Team 1 was the winner, but different sources list the score as 11-3, 10-3, and 10-2. The Montreal Star has it as 10-3 and reports the scorers as Lalonde (4), Pitre (3), Malone (2) and Berlinguette for the winners with Hyland scoring all three for the losers.

One night before the games in Montreal, the senior amateur season of the Ontario Hockey Association kicked off in Toronto on Friday, December 14 with its own exhibition for the Halifax Relief Fund. The defending Allan Cup champion Dentals Hockey Club of Toronto (and, yes, they were all either dental students or recent graduates of the dental program affiliated with the University of Toronto) defeated the Hamilton Tigers 5-4.

Toronto
Toronto’s Globe newspaper ran an ad for the local benefit game on December 14
and had a brief summary of the game in Montreal on December 17.

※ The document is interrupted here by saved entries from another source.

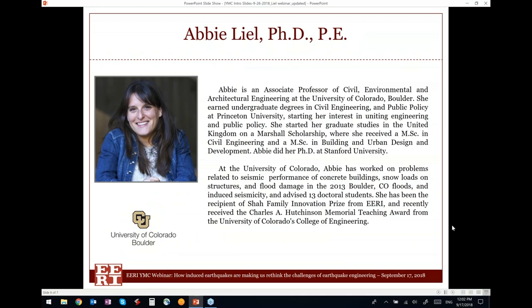Without further ado, I would like to introduce today's speaker, Dr. Abby Lyle, associate professor at the Civil, Environmental and Architectural Engineering Department at the University of Colorado Boulder. Abby earned her undergraduate degrees in civil engineering and public policy at Princeton University, a Master of Science in Civil Engineering and Building and Urban Design from the UK, and a PhD from Stanford University. At CU Boulder she has worked on seismic performance of concrete buildings, snow loads, flood damage, and induced seismicity. She is a recipient of the Shah Family Innovation Prize Award from ERI and the Charles Hutchinson Memorial Teaching Award.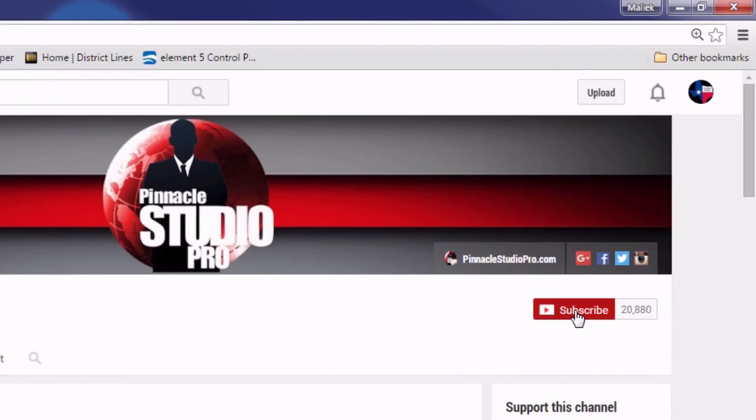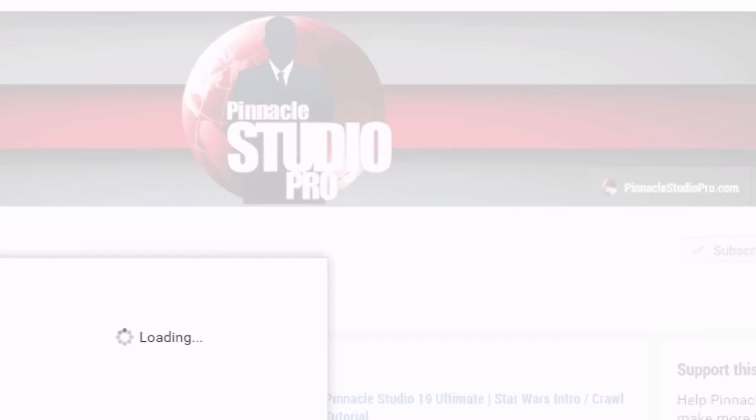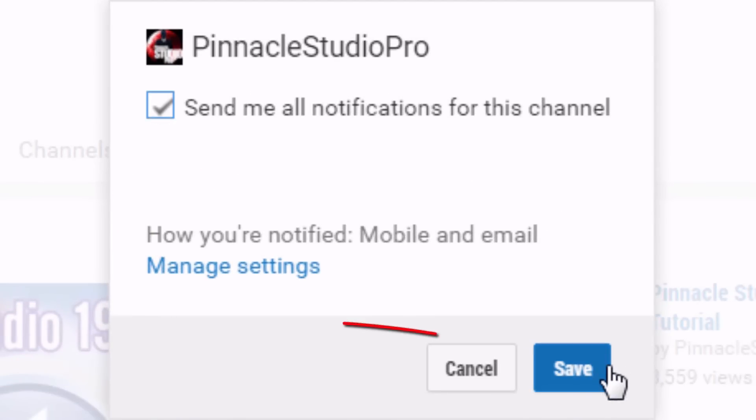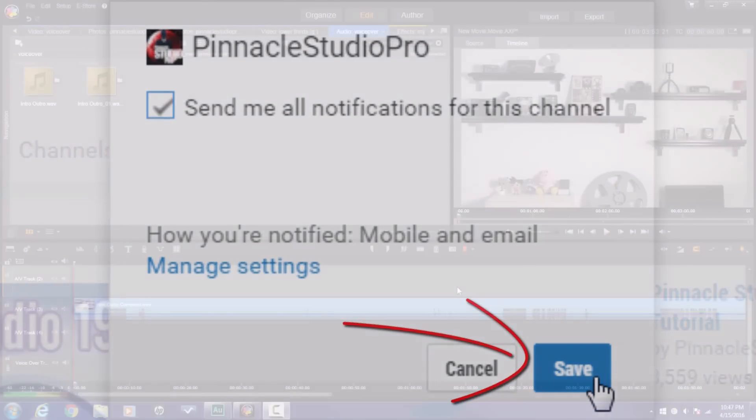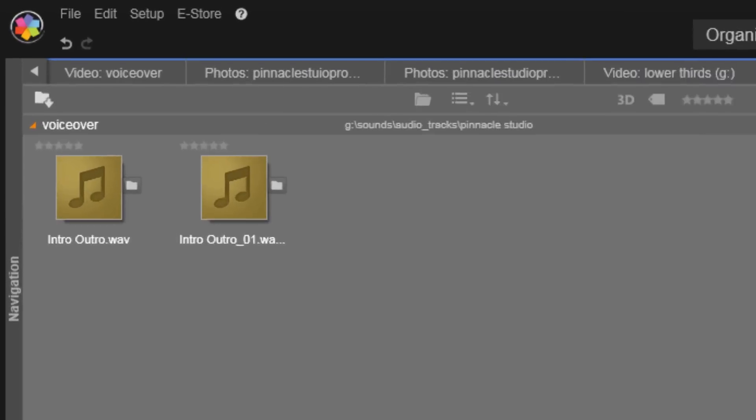And you got to subscribe to the channel if you want to continue to get notifications whenever I upload a video. If you don't do that, you're gonna be missing out and you're not gonna get all of the knowledge that I bring to you for using Pinnacle Studio. So make sure that you subscribe to the channel.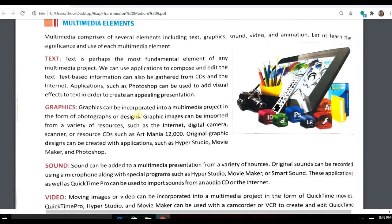Another element is graphics. Graphics may have some art, pictures, or design, which are used to convey a message or convey information to the audience.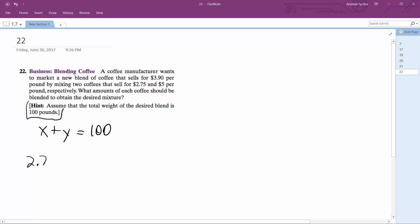We'll make the X the 2.75 coffee because we want to get a blend. We want to mix a $2.75 per pound coffee and the $5 coffee to get the $3.90 coffee. So 2.75X and then 5Y is equal to 3.90 times 100.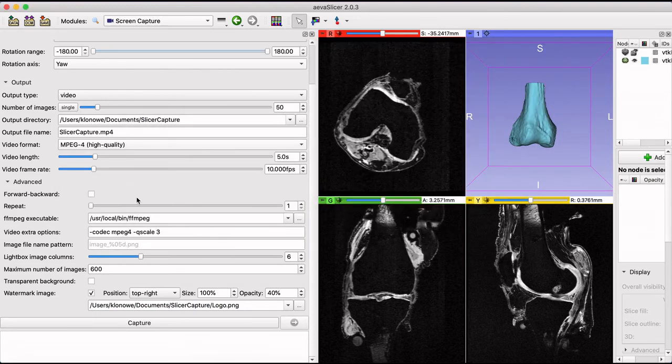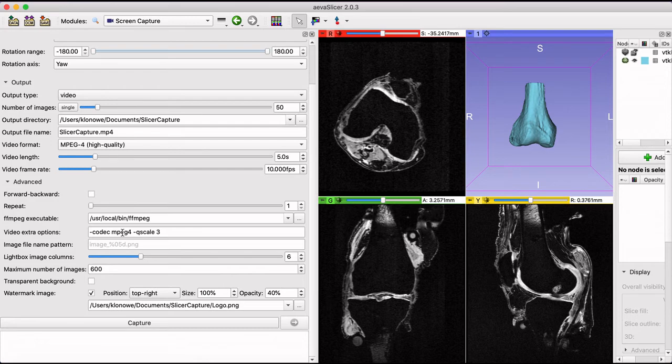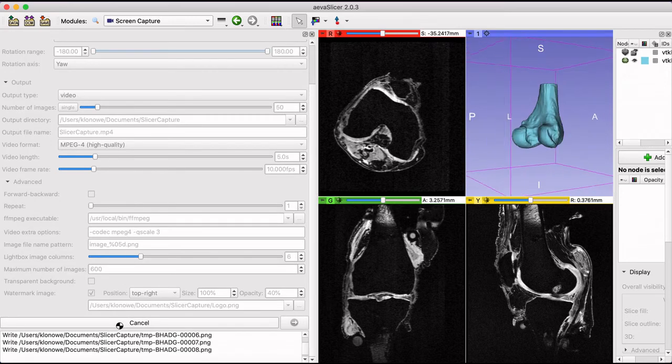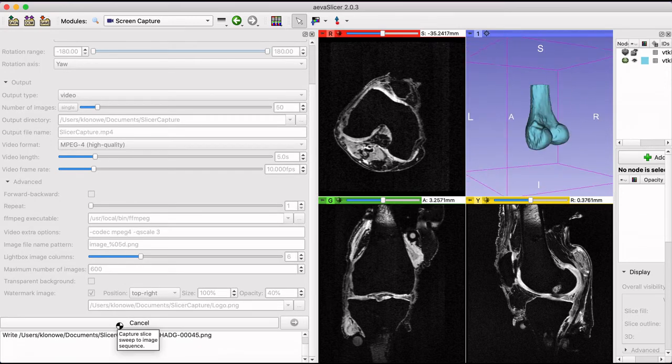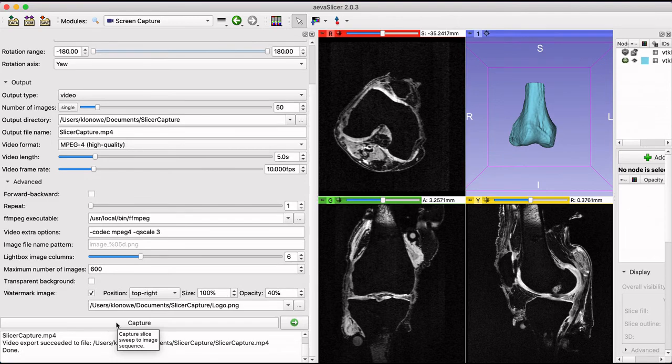You can hit capture to begin recording. Make sure to change the save file path if you choose to record another video as it will override the previous capture.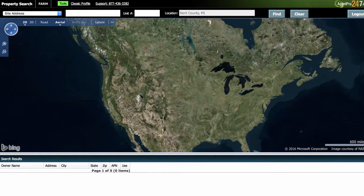AgentPro 24-7 is a great service in that it's very inexpensive to get access to a lot of data very conveniently. That's really what makes it such a great service.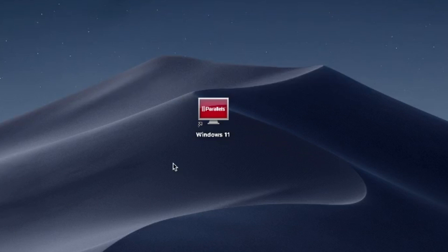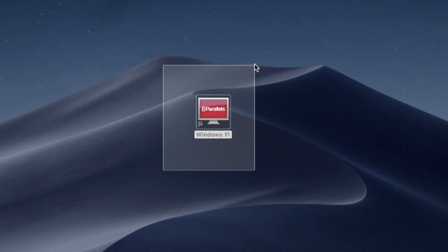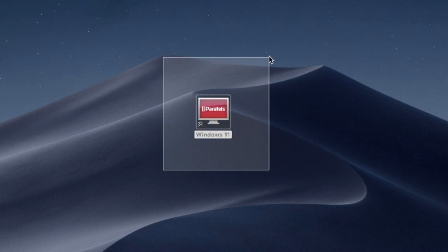Hello and welcome. In this video, I'll use Parallels Desktop to run Windows 11 on Mac. Try Parallels Desktop for free now — link in the description.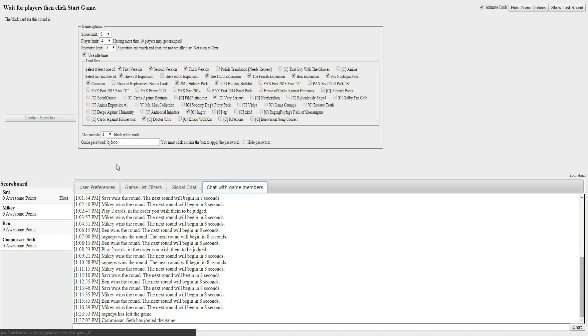Hello, ladies and gentlemen, and welcome to BJ and co-production of Cards Against Humanity. We've got two cast members and a very special guest. We have Ben. Hi, Ben. Hey, everybody. Hi, Mikey. Hello. And hi, Seth.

Though it was advertised as a fundraiser (and said afterwards to have been a very entertaining game), only 1,200 fans showed up. No account seems to give the attendance for the games in Montreal, and nothing I’ve come across indicates how much money was actually raised in either city for the victims in Halifax.

[NOTE: I was later sent a story about the Montreal game in the French-language Le Devoir newspaper that stated “Huit cents personnes environ” – about 800 persons – attended. This newspaper also has the score 10-3, but again, no mention is made of how much money was raised. Thank you Daniel Doyon.]